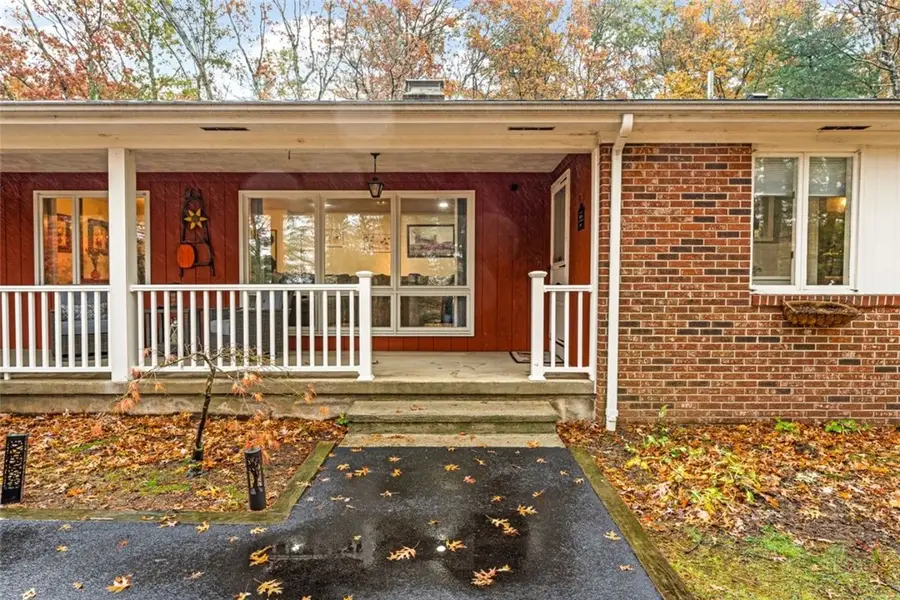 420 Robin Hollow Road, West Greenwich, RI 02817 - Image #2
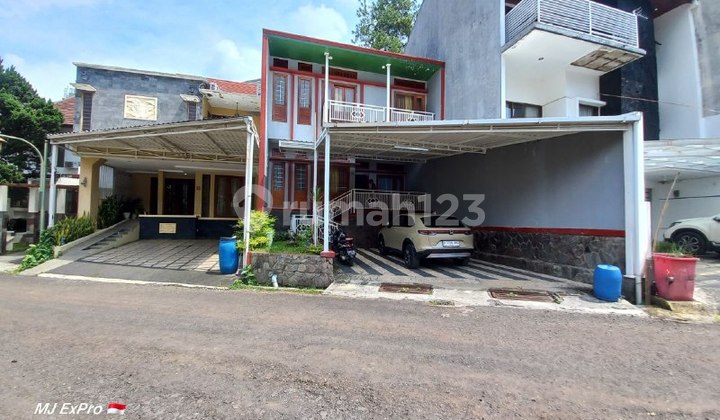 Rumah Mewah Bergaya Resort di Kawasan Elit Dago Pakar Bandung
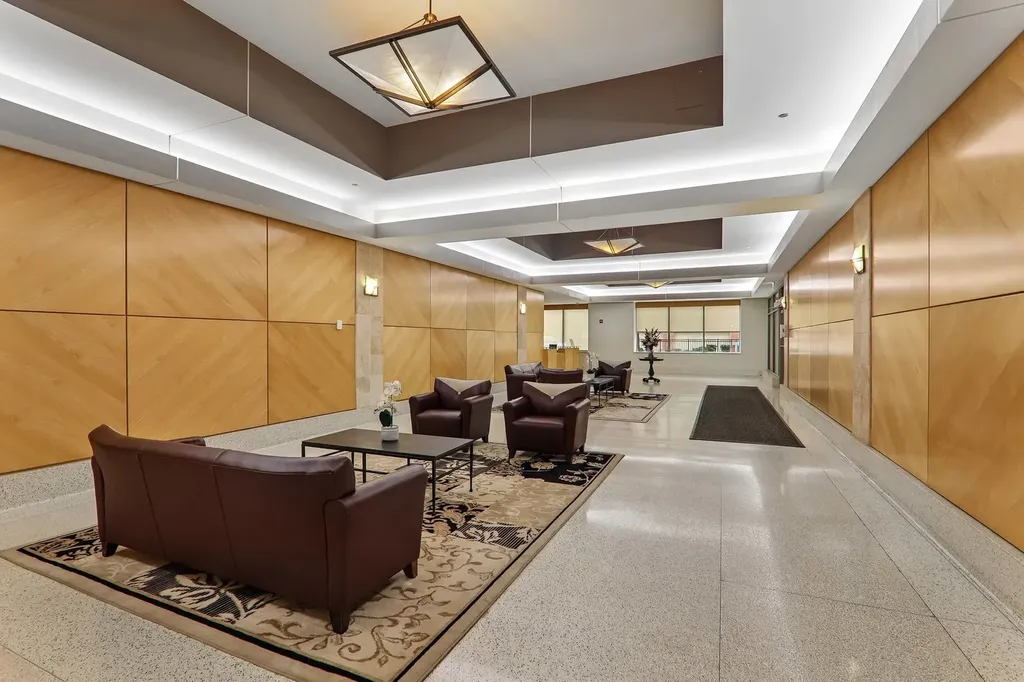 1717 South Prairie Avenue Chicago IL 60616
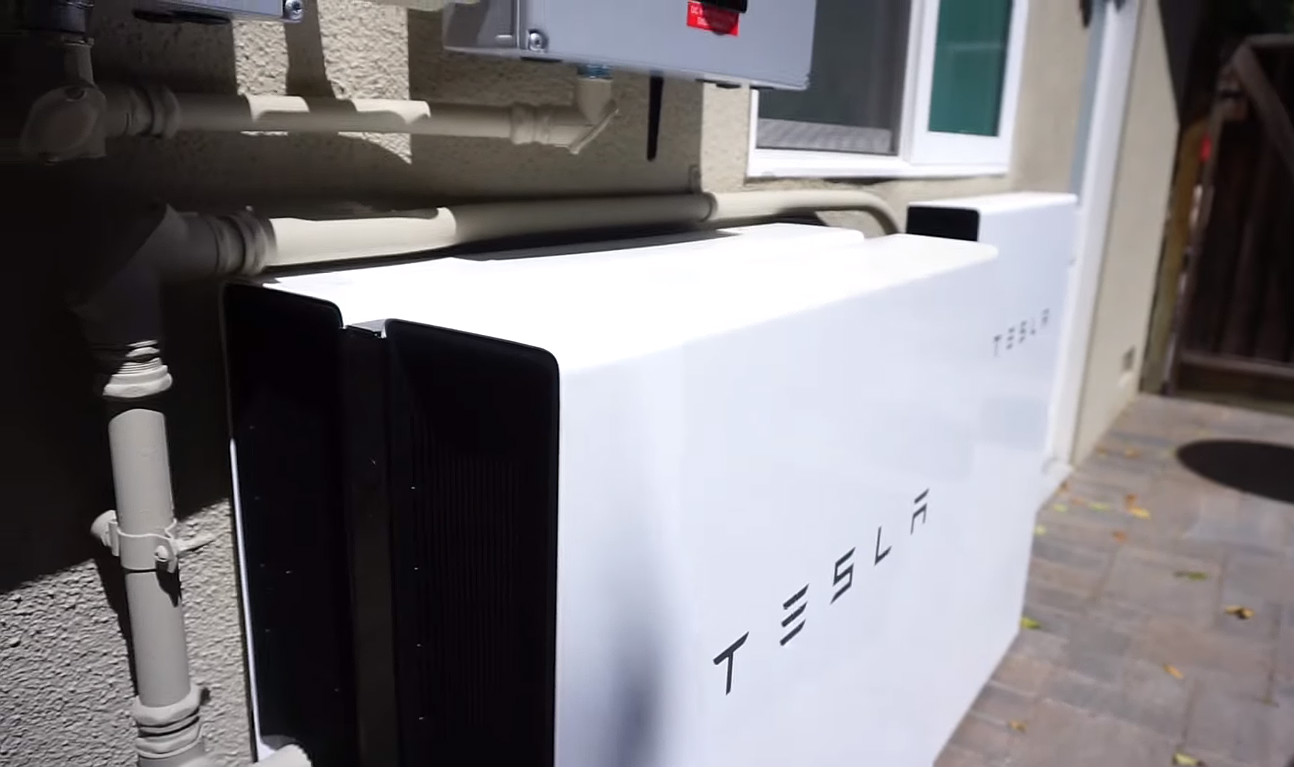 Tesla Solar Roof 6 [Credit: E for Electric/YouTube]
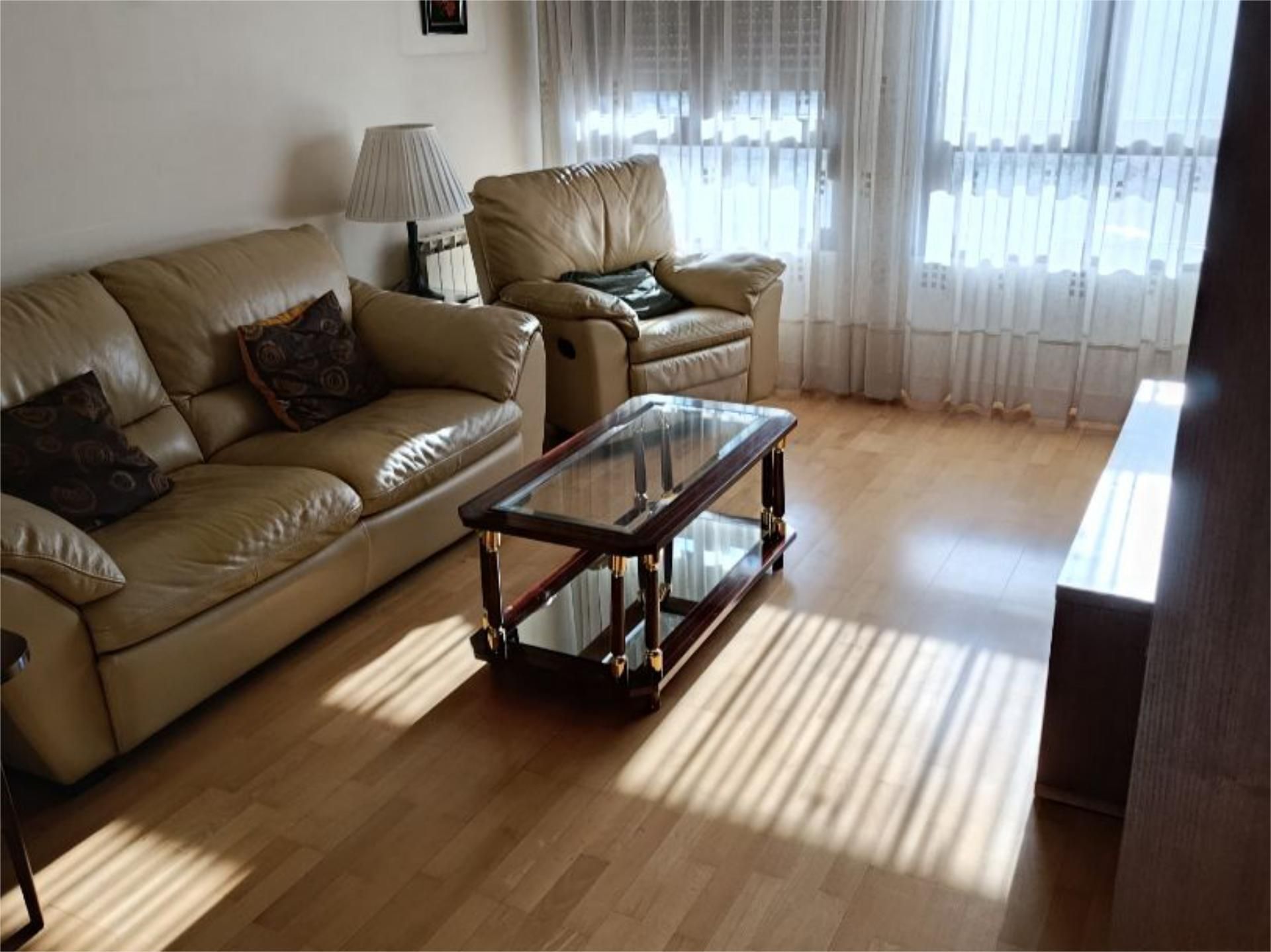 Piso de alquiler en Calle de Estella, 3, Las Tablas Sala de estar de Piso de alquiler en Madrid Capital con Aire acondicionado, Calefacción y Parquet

[Work to complete] Where the line with "Rumah Mewah Bergaya" appears in the entries above, begin there and restate every line to the end word for word, minus the pictures.

[Solution to this exercise]
 Rumah Mewah Bergaya Resort di Kawasan Elit Dago Pakar Bandung
 1717 South Prairie Avenue Chicago IL 60616
 Tesla Solar Roof 6 [Credit: E for Electric/YouTube]
 Piso de alquiler en Calle de Estella, 3, Las Tablas Sala de estar de Piso de alquiler en Madrid Capital con Aire acondicionado, Calefacción y Parquet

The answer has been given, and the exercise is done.